§ What is being asked
Your task is to retype, exactly, the line containing "Quality Inn Eastland I-20 Hotels in Eastland" and every later line through the end of the listing, with pictures omitted.

§ Given information
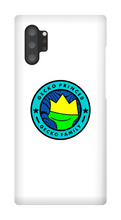 geckoprince0 Samsung Phone Cases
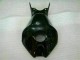 04-05 Schwarz Honda CBR1000RR Motorrad Verkleidungen & Plastik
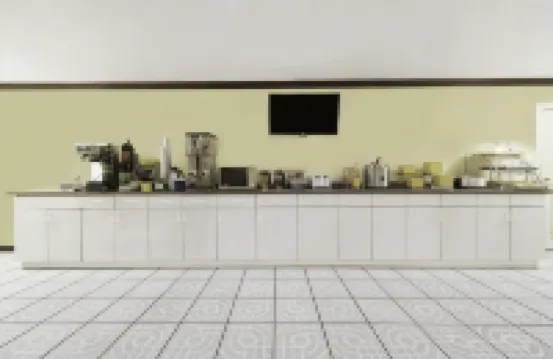 Quality Inn Eastland I-20 Hotels in Eastland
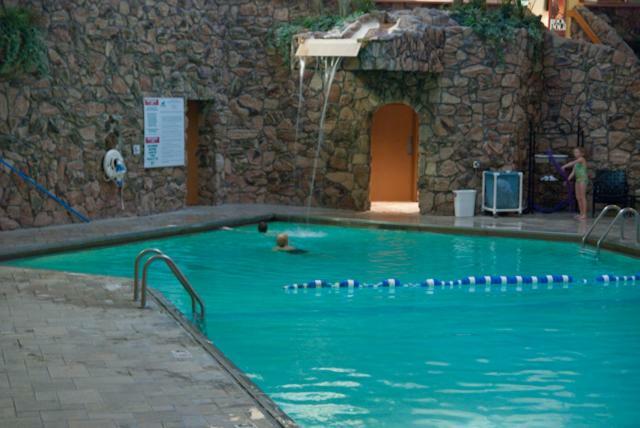 סנט צ'ארלס Pheasant Run Resort מראה חיצוני תמונה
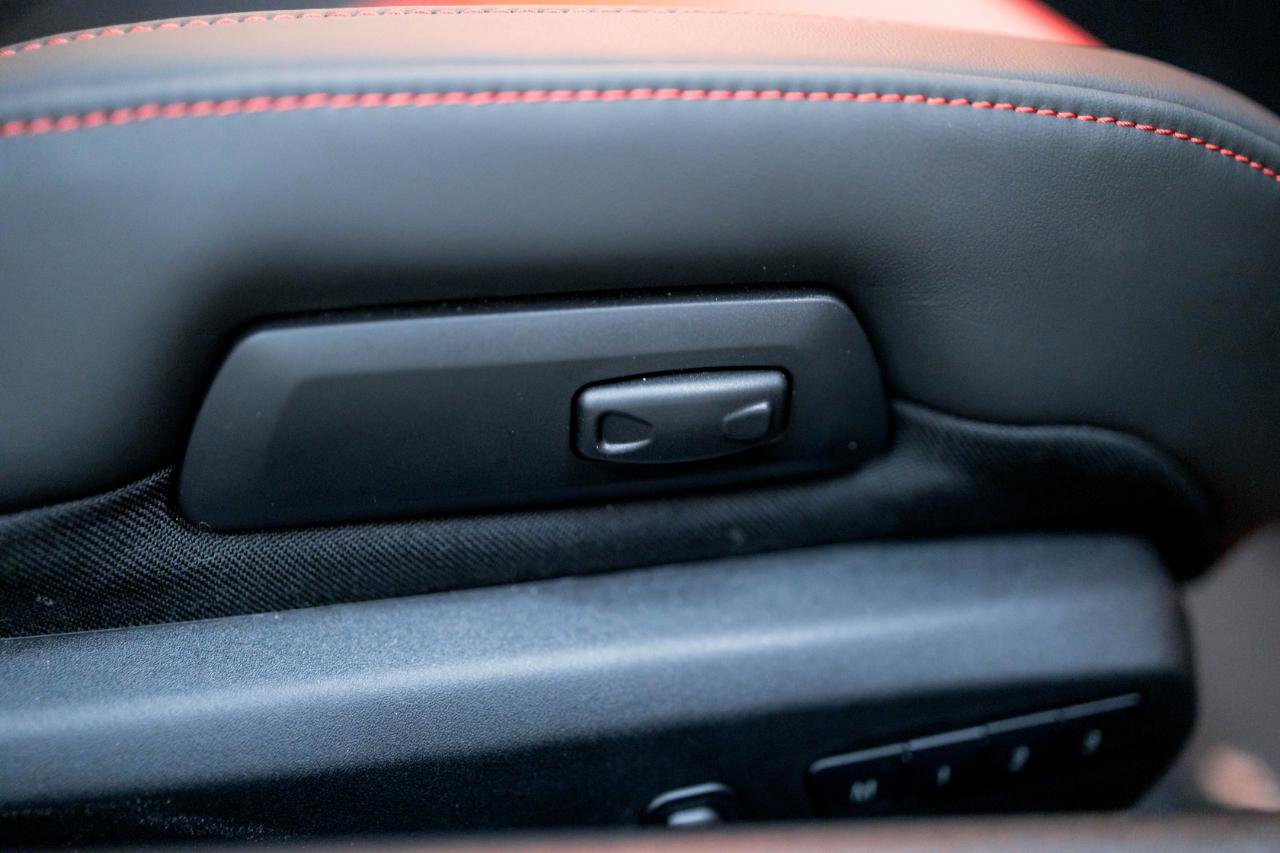 Used 2021 Mercedes-Benz AMG GT C image 73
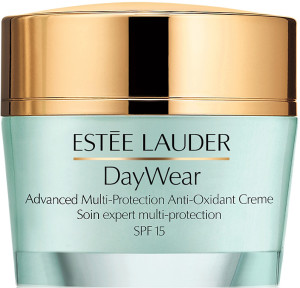 Krem z filtrem do twarzy Estee Lauder DayWear Multi-Protection Anti-Oxidant Creme SPF15 do cery normalnej i kombinowanej 50 ml (027131763512). Kremy do twarzy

§ Solution for this problem
 Quality Inn Eastland I-20 Hotels in Eastland
 סנט צ'ארלס Pheasant Run Resort מראה חיצוני תמונה
 Used 2021 Mercedes-Benz AMG GT C image 73
 Krem z filtrem do twarzy Estee Lauder DayWear Multi-Protection Anti-Oxidant Creme SPF15 do cery normalnej i kombinowanej 50 ml (027131763512). Kremy do twarzy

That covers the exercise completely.